En 1929, l’Accord sur les eaux du Nil, signé entre Le Caire et Londres, instaure un droit de veto sur tout projet qui porterait atteinte aux besoins en eau de l’Égypte. Trente ans plus tard, un nouveau texte, l’Accord sur l’utilisation complète du Nil, signé cette fois-ci par les chefs d’État du Soudan et de l’Égypte, accorde un droit absolu aux deux pays sur les eaux du Nil. Sur les 86 milliards de mètres cubes du flot annuel du Nil, le traité garantit 18,5 milliards au Soudan et 55,5 milliards à l’Égypte – les 12 milliards restants correspondent à l’évaporation du fleuve. Depuis, l’Égypte ne cesse de se référer à ces textes et à son « droit naturel » sur le Nil lorsqu’un contentieux éclate au sujet du partage de l’eau.

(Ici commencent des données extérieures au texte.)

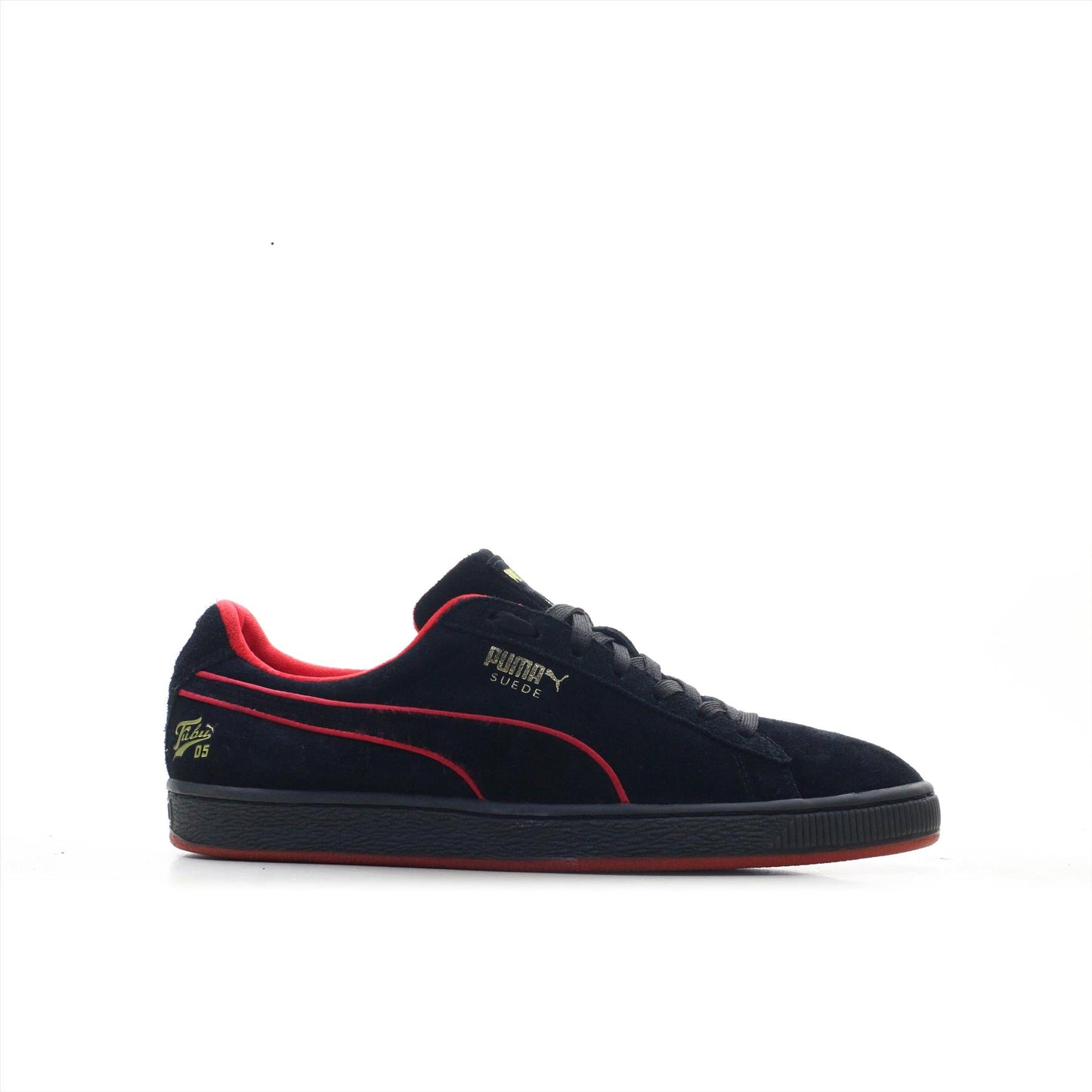 PUMA SUEDE FUBU-05 (Original USA Imported)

Mais en 2011, l’Éthiopie décide d’en finir avec cette hégémonie séculaire et de se réapproprier les eaux du Nil en lançant la construction du plus grand barrage hydroélectrique du continent : le « Grand Barrage de la Renaissance éthiopienne ». Douze après son lancement, le gouvernement éthiopien a annoncé en mars 2023 l’achèvement de 90 % du chantier. Cette remise en question de l’équilibre géopolitique régional a suscité la colère des Égyptiens et des Soudanais, ouvrant la voie à une grave crise politique dans le bassin du Nil. Depuis plus de dix ans, des négociations sont en cours entre les trois pays pour arriver à un accord qui permettrait à l’Éthiopie de faire usage du barrage pour se développer sans affecter la sécurité et l’économie des pays situés en aval. Mais entre droits historiques et droits d’usage, les relations dans le bassin du Nil restent électriques.

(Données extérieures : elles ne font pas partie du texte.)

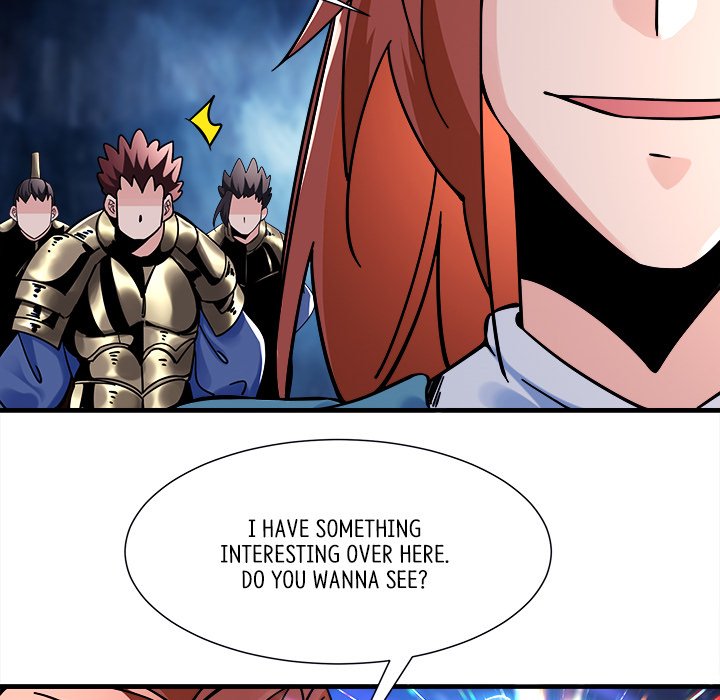 Read My Lovely Disciples chapter 43 image 9 on Lezhin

Là où la terre et le paradis s’unissent
À l’aube, dans les hauts plateaux qui surplombent le lac Tana, munis de bidons et de bouteilles, des centaines de pèlerins convergent vers une petite source d’où jaillit une eau sacrée : la source du Nil Bleu. Fleuve sacré dans la culture orthodoxe éthiopienne, son origine divine remonte à la Genèse. Il y est écrit qu’un fleuve nommé Gihon se déverse depuis le jardin d’Éden sur le pays de Koush. Pour les Éthiopiens, ce lieu où « la terre et le paradis s’unissent » se trouve dans le village de Gish Abay, perché à 3 000 mètres d’altitude. Chaque année, des milliers de fidèles se rendent dans ces montagnes pour honorer le fleuve et recevoir sa bénédiction.
Mais, dans l’imaginaire populaire abyssinien, la relation entre le Nil – surnommé Abay – et les Éthiopiens est bien plus conflictuelle. De nombreux récits et poèmes témoignent de cette ambiguïté, comme cette chanson reprise depuis des générations à travers le pays :
- Abay Abay,
- Pourquoi joues-tu nos accords auprès des autres depuis tant d’années
- Alors que pour nous tu ne les as jamais joués ?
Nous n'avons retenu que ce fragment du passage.